→ SOURCE MATERIAL:
-----

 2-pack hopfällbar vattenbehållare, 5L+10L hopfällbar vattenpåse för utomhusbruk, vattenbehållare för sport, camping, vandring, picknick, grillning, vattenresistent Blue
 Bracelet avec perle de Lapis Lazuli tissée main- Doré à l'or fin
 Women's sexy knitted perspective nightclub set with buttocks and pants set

-----

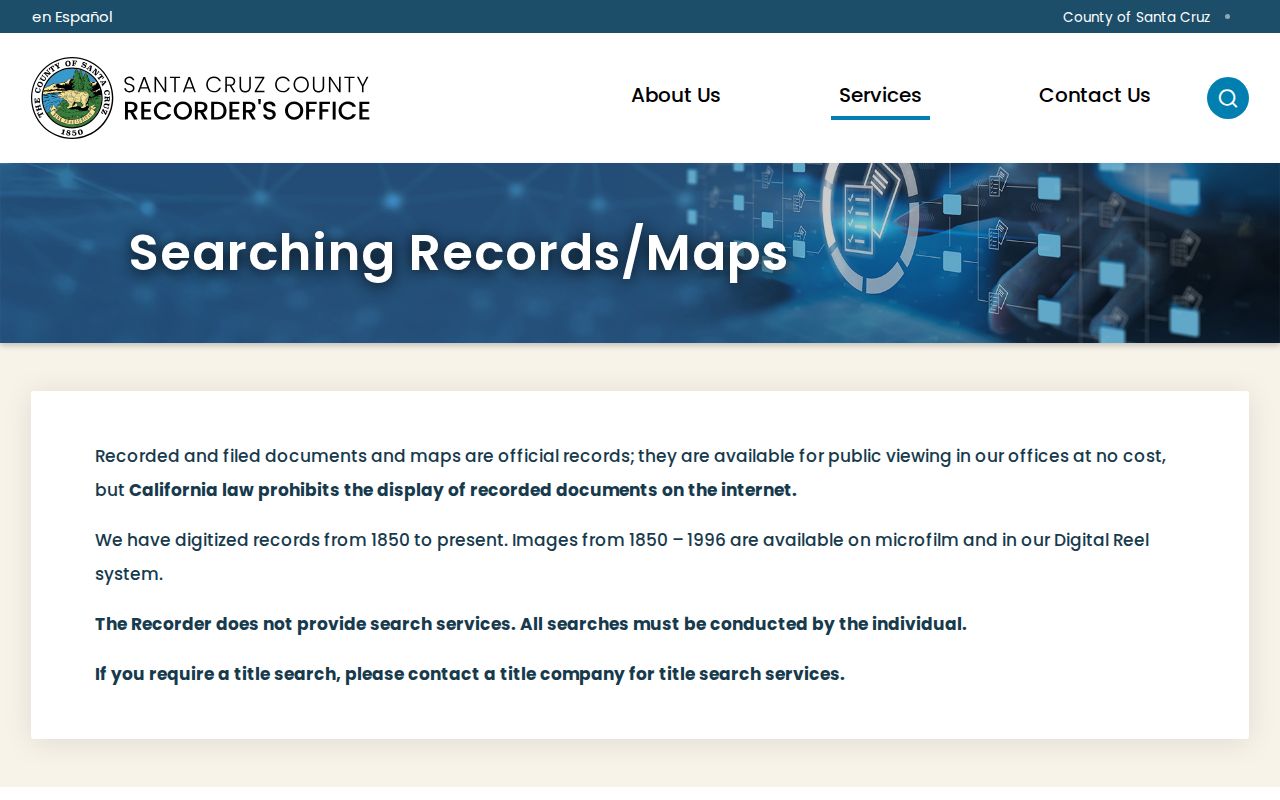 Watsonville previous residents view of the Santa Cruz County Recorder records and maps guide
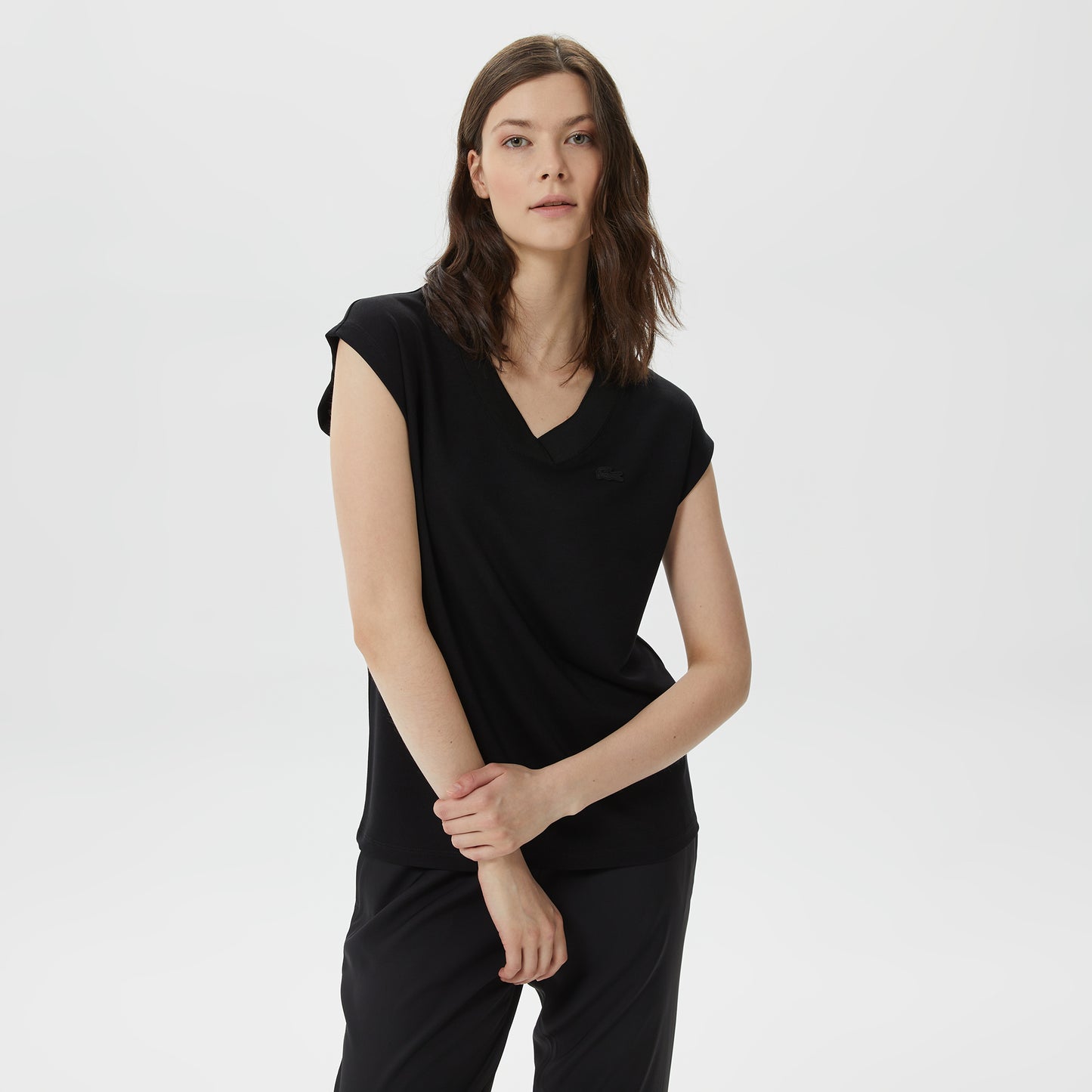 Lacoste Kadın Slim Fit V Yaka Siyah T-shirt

-----

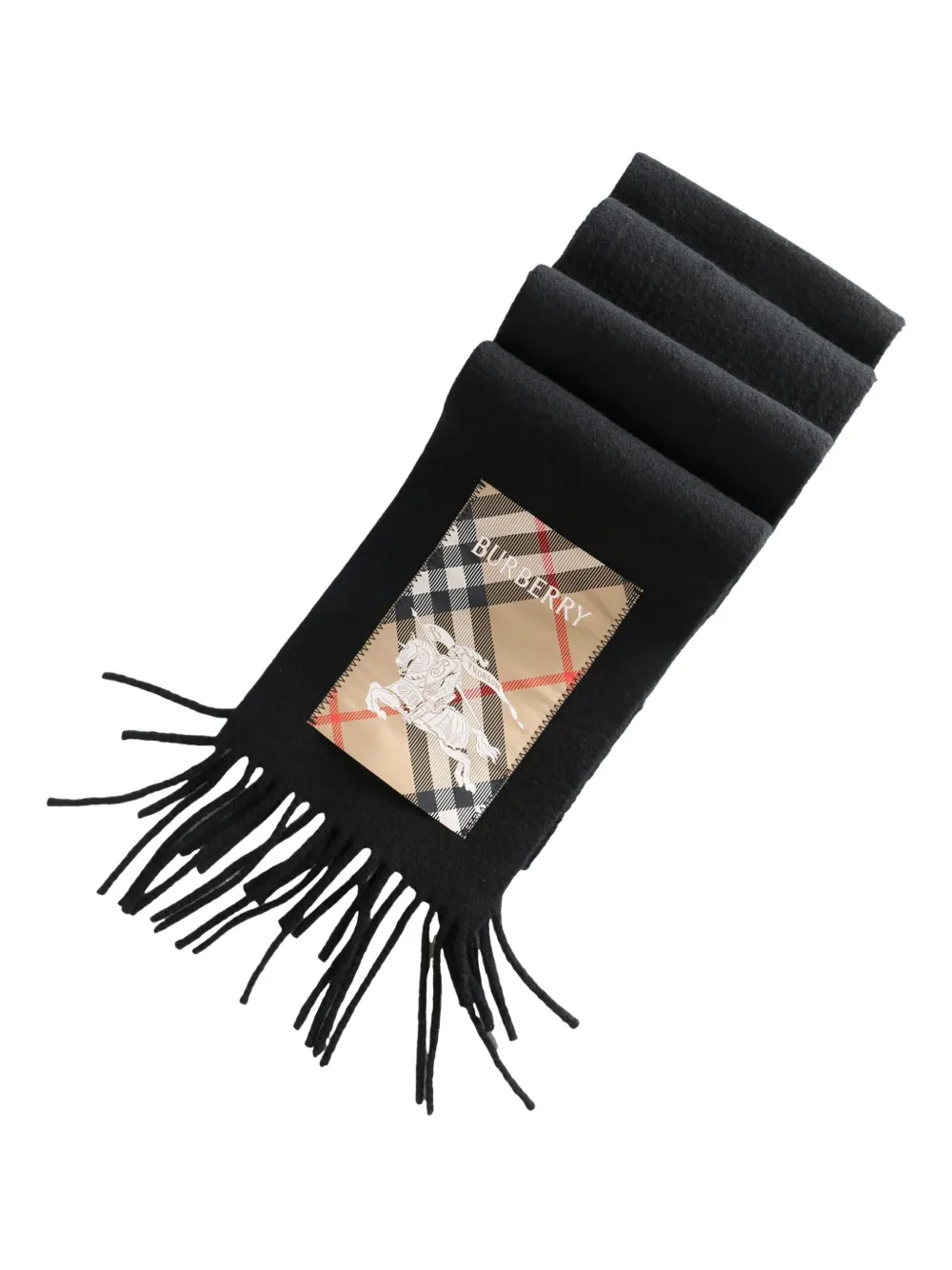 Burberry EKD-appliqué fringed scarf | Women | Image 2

-----

→ PROBLEM DETAILS:
What you give back must be the stretch above, starting at the line with "Bracelet avec perle" and ending at the line with "Women's sexy knitted", copied exactly.

→ TASK RESULT:
 Bracelet avec perle de Lapis Lazuli tissée main- Doré à l'or fin
 Women's sexy knitted perspective nightclub set with buttocks and pants set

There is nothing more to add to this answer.